WHAT YOU HAVE TO DO: Records follow. Print exactly the lines from the one that has "Here's another graph" through the one that has "So that's how", inclusive, and omit the pictures.

DATA SUPPLIED:
BEGIN
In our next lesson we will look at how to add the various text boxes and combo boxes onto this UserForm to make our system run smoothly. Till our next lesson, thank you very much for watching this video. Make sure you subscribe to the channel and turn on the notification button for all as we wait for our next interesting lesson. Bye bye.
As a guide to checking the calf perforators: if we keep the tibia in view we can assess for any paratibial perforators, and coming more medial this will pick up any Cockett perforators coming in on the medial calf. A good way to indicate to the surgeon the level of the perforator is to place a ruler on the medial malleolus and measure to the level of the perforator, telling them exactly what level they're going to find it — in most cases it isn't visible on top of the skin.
END
BEGIN
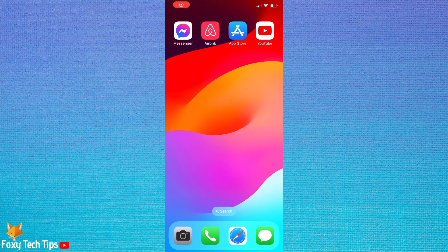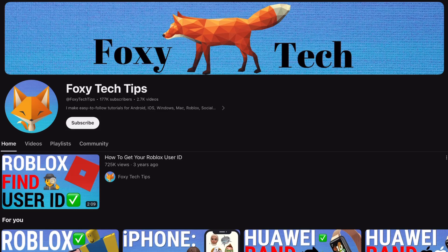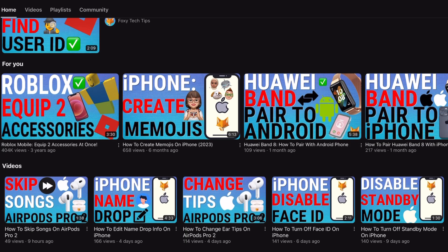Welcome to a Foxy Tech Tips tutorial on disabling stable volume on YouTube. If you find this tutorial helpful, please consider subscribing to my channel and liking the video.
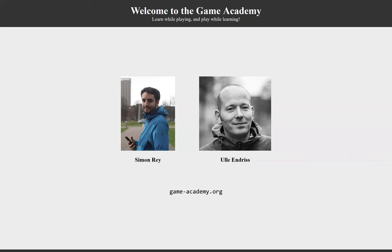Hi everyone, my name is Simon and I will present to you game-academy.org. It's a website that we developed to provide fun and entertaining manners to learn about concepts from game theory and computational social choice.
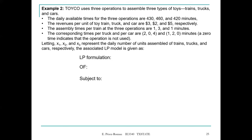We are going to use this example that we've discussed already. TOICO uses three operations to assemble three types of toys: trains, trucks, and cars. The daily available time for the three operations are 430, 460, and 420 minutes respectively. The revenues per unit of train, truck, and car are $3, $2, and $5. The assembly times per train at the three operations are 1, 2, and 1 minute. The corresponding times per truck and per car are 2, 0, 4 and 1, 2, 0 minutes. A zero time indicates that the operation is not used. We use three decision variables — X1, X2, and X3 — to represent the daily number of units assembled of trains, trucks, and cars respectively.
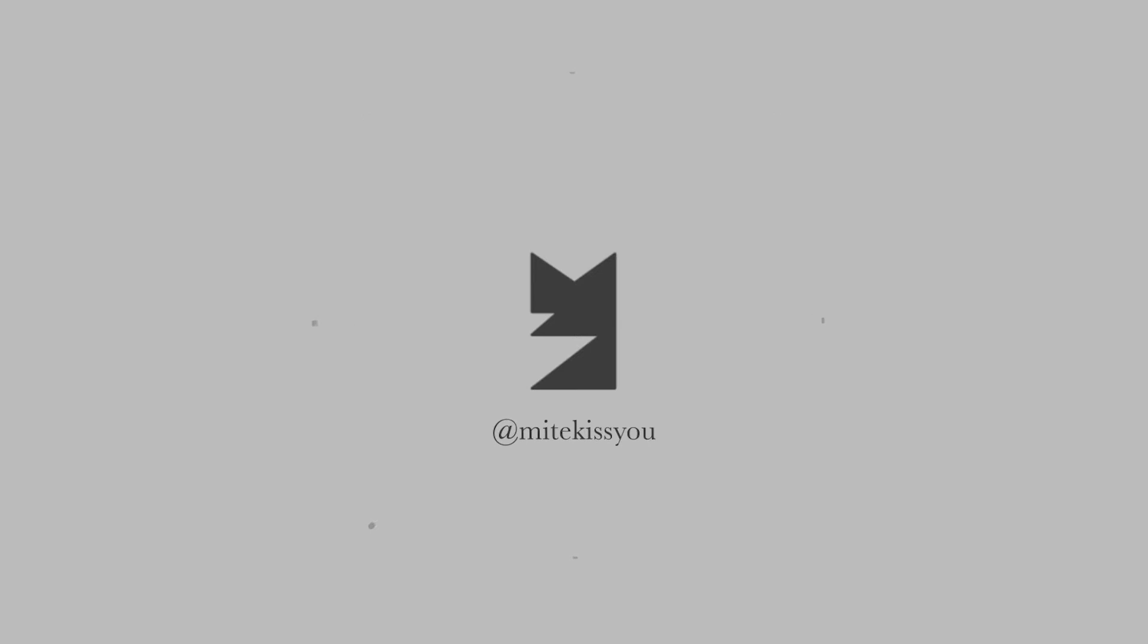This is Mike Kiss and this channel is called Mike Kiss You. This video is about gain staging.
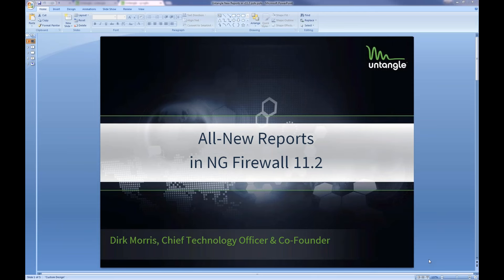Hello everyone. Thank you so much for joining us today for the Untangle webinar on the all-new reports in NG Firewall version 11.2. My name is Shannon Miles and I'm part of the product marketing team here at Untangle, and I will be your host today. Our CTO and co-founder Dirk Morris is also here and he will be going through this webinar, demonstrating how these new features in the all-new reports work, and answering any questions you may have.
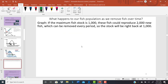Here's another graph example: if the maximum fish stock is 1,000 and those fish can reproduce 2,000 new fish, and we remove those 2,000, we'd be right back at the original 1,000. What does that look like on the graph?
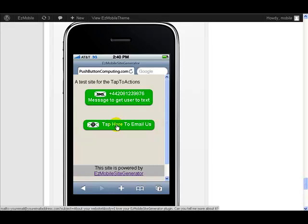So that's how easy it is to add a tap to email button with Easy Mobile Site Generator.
END
BEGIN
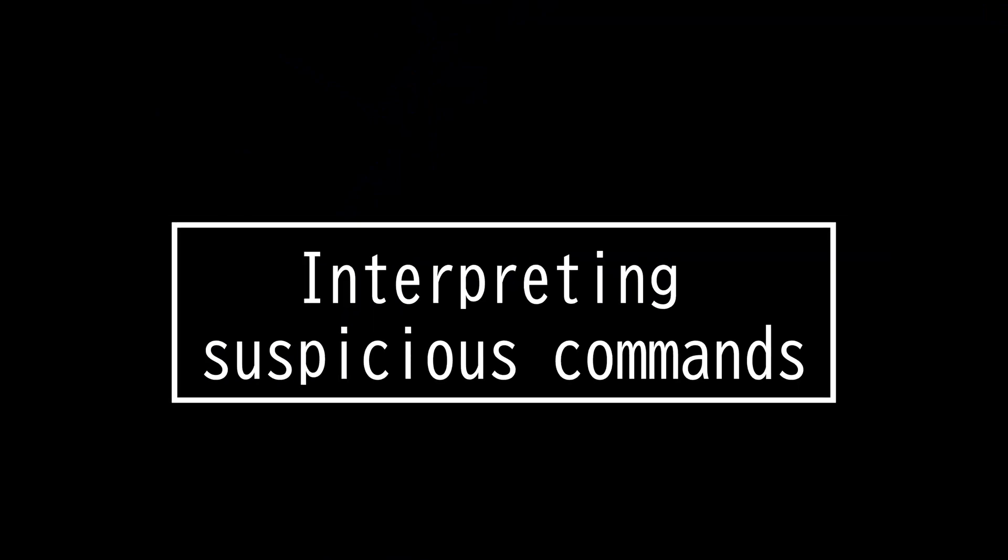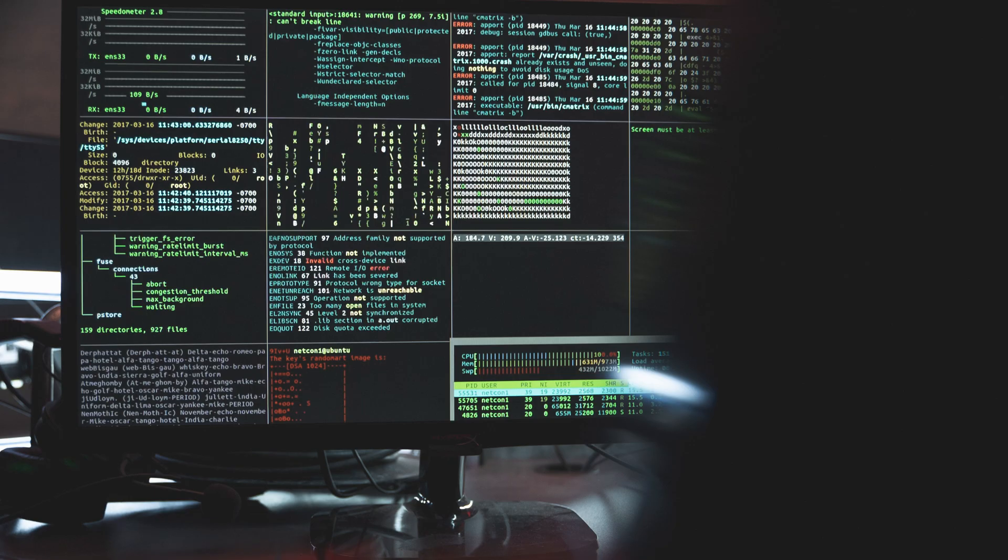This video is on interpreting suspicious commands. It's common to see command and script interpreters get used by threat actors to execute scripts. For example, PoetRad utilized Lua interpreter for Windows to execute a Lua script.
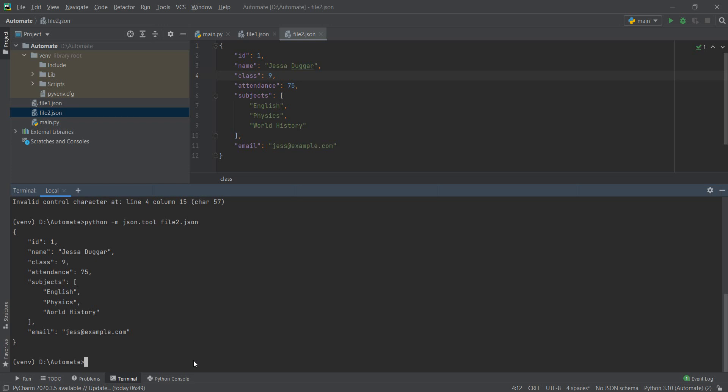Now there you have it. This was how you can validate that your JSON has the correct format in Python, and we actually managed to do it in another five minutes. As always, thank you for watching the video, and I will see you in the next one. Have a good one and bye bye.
END
RESULT BELOW:
Here's another graph example: if the maximum fish stock is 1,000 and those fish can reproduce 2,000 new fish, and we remove those 2,000, we'd be right back at the original 1,000. What does that look like on the graph?
So that's how easy it is to add a tap to email button with Easy Mobile Site Generator.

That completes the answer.